WORK INSTRUCTIONS: Transcribe, word for word and with nothing extra, the line containing "Peregrinación Brochero: 40" and each line that comes after it in the entries.
---*---
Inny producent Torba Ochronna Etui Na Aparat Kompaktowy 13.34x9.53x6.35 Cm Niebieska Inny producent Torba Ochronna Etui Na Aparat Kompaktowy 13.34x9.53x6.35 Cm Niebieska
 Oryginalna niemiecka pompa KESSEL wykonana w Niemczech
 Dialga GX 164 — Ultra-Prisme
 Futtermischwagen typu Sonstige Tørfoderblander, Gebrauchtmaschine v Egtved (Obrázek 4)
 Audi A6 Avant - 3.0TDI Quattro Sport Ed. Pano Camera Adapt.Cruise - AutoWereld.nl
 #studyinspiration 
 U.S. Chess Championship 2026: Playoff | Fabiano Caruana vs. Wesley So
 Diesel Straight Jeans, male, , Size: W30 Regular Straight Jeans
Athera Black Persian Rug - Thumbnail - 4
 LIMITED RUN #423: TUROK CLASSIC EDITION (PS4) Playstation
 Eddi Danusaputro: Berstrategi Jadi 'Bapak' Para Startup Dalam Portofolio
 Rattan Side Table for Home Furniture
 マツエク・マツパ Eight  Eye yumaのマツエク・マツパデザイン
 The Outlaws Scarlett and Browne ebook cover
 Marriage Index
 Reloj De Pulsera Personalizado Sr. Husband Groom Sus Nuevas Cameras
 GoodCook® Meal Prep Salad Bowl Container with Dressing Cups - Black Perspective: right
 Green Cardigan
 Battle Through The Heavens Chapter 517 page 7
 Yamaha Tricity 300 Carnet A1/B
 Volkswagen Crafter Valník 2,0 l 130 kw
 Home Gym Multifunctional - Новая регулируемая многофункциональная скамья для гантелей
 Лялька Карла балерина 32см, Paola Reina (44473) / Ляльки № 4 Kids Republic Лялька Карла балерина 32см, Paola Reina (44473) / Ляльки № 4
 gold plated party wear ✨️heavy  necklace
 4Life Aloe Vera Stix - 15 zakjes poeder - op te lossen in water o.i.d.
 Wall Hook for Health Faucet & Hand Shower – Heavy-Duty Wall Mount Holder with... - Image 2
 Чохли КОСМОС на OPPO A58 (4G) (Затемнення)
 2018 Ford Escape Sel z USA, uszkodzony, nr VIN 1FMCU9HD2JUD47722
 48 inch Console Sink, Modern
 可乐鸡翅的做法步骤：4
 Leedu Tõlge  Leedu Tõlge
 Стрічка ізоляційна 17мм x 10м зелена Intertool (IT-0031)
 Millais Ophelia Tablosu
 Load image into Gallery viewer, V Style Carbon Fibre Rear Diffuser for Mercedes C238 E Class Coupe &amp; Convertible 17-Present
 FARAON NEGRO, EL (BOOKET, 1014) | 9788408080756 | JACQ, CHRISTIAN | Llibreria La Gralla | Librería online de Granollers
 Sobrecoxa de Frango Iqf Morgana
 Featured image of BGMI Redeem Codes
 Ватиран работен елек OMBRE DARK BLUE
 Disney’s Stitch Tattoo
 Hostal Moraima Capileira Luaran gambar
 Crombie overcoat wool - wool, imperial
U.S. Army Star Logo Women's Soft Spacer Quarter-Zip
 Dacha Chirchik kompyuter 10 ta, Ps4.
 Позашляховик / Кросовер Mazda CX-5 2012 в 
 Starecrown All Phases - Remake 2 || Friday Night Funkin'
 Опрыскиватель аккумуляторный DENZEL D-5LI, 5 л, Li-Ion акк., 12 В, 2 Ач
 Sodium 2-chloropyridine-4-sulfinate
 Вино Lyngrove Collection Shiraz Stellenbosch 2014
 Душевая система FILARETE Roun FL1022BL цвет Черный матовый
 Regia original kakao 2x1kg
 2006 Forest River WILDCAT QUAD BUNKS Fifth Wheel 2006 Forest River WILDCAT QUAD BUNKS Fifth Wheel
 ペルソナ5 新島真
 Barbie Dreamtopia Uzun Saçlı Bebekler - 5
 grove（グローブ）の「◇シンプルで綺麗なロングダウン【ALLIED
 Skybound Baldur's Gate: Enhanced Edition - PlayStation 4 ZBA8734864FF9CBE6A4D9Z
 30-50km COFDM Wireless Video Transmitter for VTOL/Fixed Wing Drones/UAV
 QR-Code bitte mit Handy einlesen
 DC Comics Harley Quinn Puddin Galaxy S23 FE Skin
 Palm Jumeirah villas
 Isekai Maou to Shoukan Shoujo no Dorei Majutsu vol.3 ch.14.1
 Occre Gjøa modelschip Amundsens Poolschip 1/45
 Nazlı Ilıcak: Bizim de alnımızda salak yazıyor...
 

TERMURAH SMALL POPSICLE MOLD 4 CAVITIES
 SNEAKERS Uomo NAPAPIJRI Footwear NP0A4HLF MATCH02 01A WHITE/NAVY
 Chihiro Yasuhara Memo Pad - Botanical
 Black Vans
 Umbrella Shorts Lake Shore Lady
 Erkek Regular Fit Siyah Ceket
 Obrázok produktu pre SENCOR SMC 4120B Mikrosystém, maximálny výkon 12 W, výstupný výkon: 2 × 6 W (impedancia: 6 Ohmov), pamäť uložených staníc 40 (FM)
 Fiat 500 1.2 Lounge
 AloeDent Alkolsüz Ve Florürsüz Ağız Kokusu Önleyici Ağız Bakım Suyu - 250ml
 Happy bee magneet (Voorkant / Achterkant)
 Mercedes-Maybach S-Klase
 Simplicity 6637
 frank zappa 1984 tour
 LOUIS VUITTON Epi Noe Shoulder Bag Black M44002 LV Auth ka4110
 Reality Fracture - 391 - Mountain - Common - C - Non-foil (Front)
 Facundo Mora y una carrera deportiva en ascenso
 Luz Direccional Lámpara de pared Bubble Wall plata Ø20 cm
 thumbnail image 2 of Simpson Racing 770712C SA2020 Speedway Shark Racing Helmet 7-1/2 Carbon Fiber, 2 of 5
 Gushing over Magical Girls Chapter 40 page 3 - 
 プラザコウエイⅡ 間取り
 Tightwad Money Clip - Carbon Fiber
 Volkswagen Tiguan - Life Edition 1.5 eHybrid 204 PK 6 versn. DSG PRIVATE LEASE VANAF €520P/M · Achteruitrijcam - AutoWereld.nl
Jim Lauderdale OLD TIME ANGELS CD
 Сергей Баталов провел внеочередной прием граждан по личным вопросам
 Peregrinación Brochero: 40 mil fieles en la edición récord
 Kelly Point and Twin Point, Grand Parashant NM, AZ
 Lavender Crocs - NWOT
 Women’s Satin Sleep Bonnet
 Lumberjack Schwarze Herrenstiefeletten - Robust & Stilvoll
---*---
RESPONSE BELOW:
 Peregrinación Brochero: 40 mil fieles en la edición récord
 Kelly Point and Twin Point, Grand Parashant NM, AZ
 Lavender Crocs - NWOT
 Women’s Satin Sleep Bonnet
 Lumberjack Schwarze Herrenstiefeletten - Robust & Stilvoll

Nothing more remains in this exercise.